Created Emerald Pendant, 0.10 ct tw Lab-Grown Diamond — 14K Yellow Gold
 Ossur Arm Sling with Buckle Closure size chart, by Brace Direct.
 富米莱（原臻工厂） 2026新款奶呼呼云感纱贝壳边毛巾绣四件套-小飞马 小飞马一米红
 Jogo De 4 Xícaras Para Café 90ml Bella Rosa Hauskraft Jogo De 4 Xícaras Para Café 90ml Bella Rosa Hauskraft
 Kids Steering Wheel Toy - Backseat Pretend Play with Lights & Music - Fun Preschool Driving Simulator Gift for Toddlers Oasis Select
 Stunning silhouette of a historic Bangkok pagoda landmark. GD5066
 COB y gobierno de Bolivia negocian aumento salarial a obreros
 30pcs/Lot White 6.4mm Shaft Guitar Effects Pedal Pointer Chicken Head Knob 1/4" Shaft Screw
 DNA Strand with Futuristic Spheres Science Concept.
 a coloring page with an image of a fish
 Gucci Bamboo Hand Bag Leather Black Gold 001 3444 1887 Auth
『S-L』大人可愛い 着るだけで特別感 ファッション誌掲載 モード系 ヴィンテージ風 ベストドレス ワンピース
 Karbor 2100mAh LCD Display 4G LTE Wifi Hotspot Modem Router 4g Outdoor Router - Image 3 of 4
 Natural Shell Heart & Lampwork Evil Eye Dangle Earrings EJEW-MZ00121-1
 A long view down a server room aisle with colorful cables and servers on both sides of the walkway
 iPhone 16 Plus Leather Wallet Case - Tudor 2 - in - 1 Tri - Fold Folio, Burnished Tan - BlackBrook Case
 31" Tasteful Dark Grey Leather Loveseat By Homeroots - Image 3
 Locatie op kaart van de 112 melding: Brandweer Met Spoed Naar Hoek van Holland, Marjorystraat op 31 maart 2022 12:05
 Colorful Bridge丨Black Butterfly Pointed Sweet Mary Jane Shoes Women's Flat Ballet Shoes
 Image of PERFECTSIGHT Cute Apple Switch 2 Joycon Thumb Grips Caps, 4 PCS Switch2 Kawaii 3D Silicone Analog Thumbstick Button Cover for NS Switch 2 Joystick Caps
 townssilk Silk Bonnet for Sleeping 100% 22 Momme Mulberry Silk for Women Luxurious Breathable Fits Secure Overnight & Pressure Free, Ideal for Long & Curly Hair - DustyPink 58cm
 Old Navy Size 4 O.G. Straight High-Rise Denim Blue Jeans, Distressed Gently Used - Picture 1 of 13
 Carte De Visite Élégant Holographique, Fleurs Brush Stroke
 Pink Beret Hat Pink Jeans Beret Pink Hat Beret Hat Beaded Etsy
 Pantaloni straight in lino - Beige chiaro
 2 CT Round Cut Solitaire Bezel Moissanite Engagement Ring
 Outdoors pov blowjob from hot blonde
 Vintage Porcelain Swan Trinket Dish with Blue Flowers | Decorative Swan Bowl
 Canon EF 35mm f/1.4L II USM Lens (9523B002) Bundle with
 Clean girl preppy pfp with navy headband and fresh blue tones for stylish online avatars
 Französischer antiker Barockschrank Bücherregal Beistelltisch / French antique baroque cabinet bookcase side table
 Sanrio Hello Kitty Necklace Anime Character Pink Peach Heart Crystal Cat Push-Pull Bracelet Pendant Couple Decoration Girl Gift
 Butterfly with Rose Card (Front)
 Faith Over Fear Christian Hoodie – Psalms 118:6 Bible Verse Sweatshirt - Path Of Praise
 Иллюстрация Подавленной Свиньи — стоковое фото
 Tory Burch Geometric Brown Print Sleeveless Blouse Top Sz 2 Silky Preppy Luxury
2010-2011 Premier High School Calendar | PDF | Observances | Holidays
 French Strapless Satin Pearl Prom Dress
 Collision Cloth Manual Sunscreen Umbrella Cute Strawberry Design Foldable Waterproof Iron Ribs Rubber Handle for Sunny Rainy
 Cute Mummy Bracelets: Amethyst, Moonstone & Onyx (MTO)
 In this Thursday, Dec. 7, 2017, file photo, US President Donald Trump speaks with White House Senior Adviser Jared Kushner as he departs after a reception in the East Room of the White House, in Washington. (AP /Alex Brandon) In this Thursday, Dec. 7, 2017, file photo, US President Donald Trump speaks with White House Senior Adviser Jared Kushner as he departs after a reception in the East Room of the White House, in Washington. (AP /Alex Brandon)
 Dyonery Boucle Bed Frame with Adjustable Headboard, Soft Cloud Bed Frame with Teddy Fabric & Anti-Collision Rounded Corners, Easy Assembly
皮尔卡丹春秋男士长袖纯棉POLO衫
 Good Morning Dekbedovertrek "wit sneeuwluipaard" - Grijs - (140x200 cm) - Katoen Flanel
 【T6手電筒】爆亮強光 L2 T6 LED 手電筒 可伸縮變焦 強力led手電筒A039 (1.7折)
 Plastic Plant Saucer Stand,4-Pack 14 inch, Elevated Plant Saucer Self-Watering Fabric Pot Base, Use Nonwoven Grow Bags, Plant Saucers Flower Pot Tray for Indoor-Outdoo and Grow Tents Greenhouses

:::

What to do – An exact restatement of the lines from the one with "Dyonery Boucle Bed" through the last line of the data is the only acceptable answer.

Exercise output –
 Dyonery Boucle Bed Frame with Adjustable Headboard, Soft Cloud Bed Frame with Teddy Fabric & Anti-Collision Rounded Corners, Easy Assembly
皮尔卡丹春秋男士长袖纯棉POLO衫
 Good Morning Dekbedovertrek "wit sneeuwluipaard" - Grijs - (140x200 cm) - Katoen Flanel
 【T6手電筒】爆亮強光 L2 T6 LED 手電筒 可伸縮變焦 強力led手電筒A039 (1.7折)
 Plastic Plant Saucer Stand,4-Pack 14 inch, Elevated Plant Saucer Self-Watering Fabric Pot Base, Use Nonwoven Grow Bags, Plant Saucers Flower Pot Tray for Indoor-Outdoo and Grow Tents Greenhouses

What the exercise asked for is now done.